What is expected:
Please restate word for word the lines from the top of the entries through the line that contains "Good morning everyone.", and do not include any pictures.

[Dataset entries]
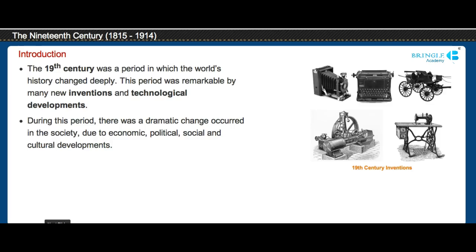The 19th century changed the world's history deeply. This period was remarkable for many new inventions and technological developments. There was a dramatic change that occurred in society due to economic, political, social and cultural developments.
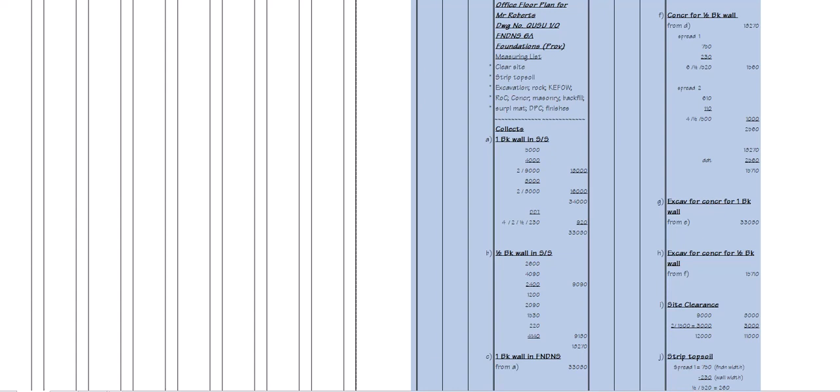Good morning everyone. I've had a number of questions relating to the layout and procedure for doing the abstract for assignment 3 of Quantity Surveying 2. So I've decided to put a video together just explaining how the abstract process works. What we have here on the screen is the left hand side is going to be the abstract paper, and on the right hand side in the shaded area is the actual measure. I've just taken one little section to give you an example.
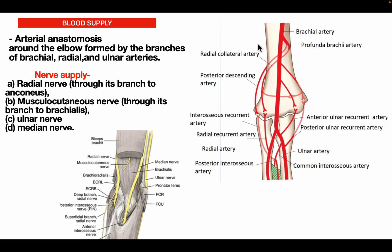Blood supply: the arterial anastomosis around the elbow is formed by branches of the brachial artery, radial artery, and ulnar artery. Branches of the brachial artery include the profunda brachii artery, which divides into the anterior descending (radial collateral) artery and the posterior descending artery, the superior ulnar collateral artery, and the inferior ulnar collateral artery. Branches of the ulnar artery include the anterior and posterior ulnar recurrent arteries, and the common interosseous artery, which divides into the anterior and posterior interosseous arteries — from the latter arises the interosseous recurrent artery. From the radial artery, the radial recurrent artery ascends upward.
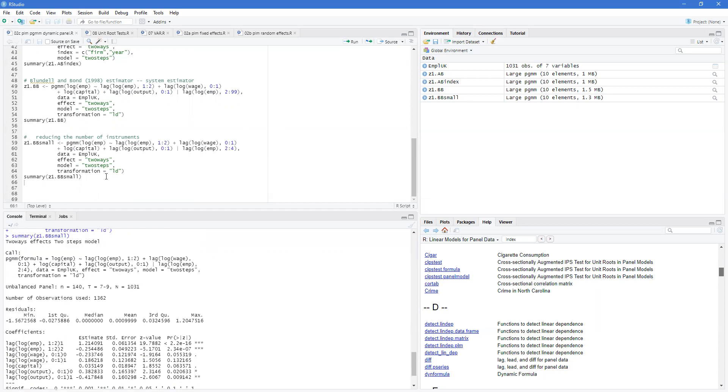Okay, so that's a quick primer on the dynamic panel GMM approaches in R. Great, and we'll see you in the next video.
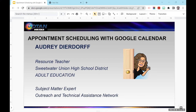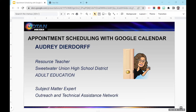Thank you. Hi everybody. So as Marjorie said, this is appointment scheduling with Google Calendar. My name is Audrey Deardorff. I am a resource teacher at the Sweetwater Union High School District Adult Education, and I'm also a subject matter expert with OTAN — brand new. I've actually been teaching in adult education for about 29 years now. I've been privileged to work in many different areas, and technology happens to be one of them, including Google. So I'm excited to share this with you.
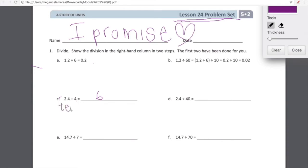Do you guys remember how we were renaming numbers in unit form in Module 1? So if we have 24 tenths and we're going to divide them equally into four equal groups, how many tenths are we going to have in each group? 6 tenths. I feel like you guys were ultimately pretty successful on this. This just takes a little bit of concentration. Think about this place value chart — think about exactly what we're dividing and exactly how we're dividing it. Notice that we're dividing by multiples, so this is pretty straightforward division.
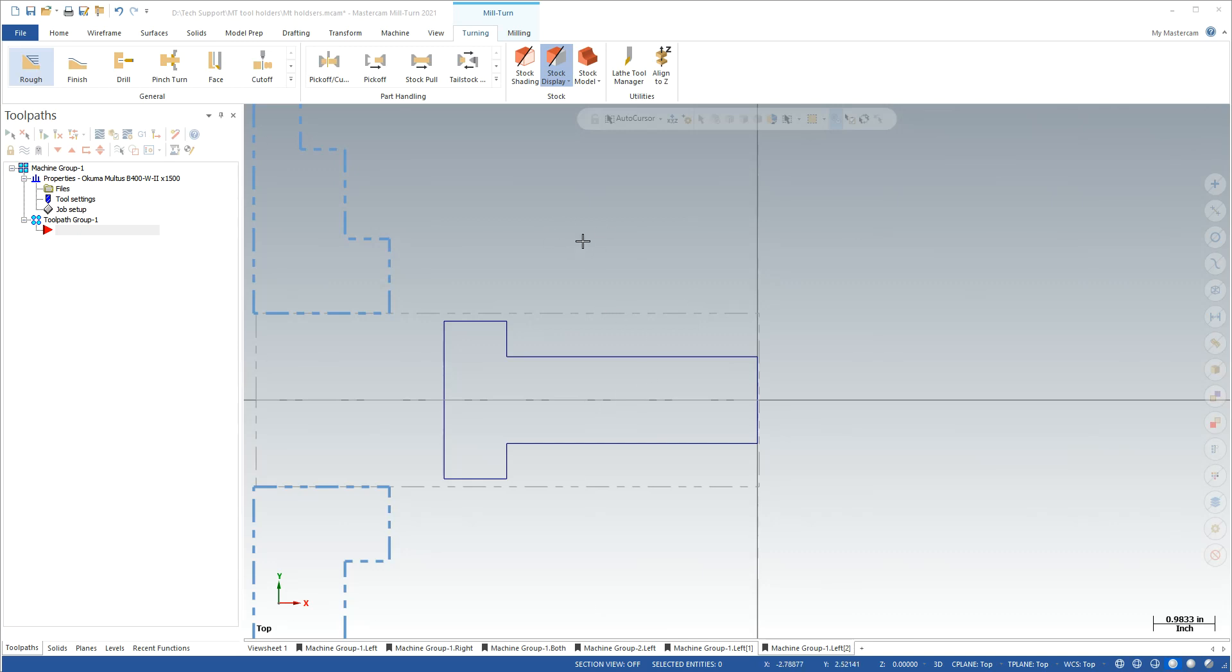I'm in Mastercam's mill turn environment, which allows me to do B-axis milling and simulate the whole process with a full-blown machine simulator along with syncing of turrets.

Exercise result:
The 19th century changed the world's history deeply. This period was remarkable for many new inventions and technological developments. There was a dramatic change that occurred in society due to economic, political, social and cultural developments.
Good morning everyone. I've had a number of questions relating to the layout and procedure for doing the abstract for assignment 3 of Quantity Surveying 2. So I've decided to put a video together just explaining how the abstract process works. What we have here on the screen is the left hand side is going to be the abstract paper, and on the right hand side in the shaded area is the actual measure. I've just taken one little section to give you an example.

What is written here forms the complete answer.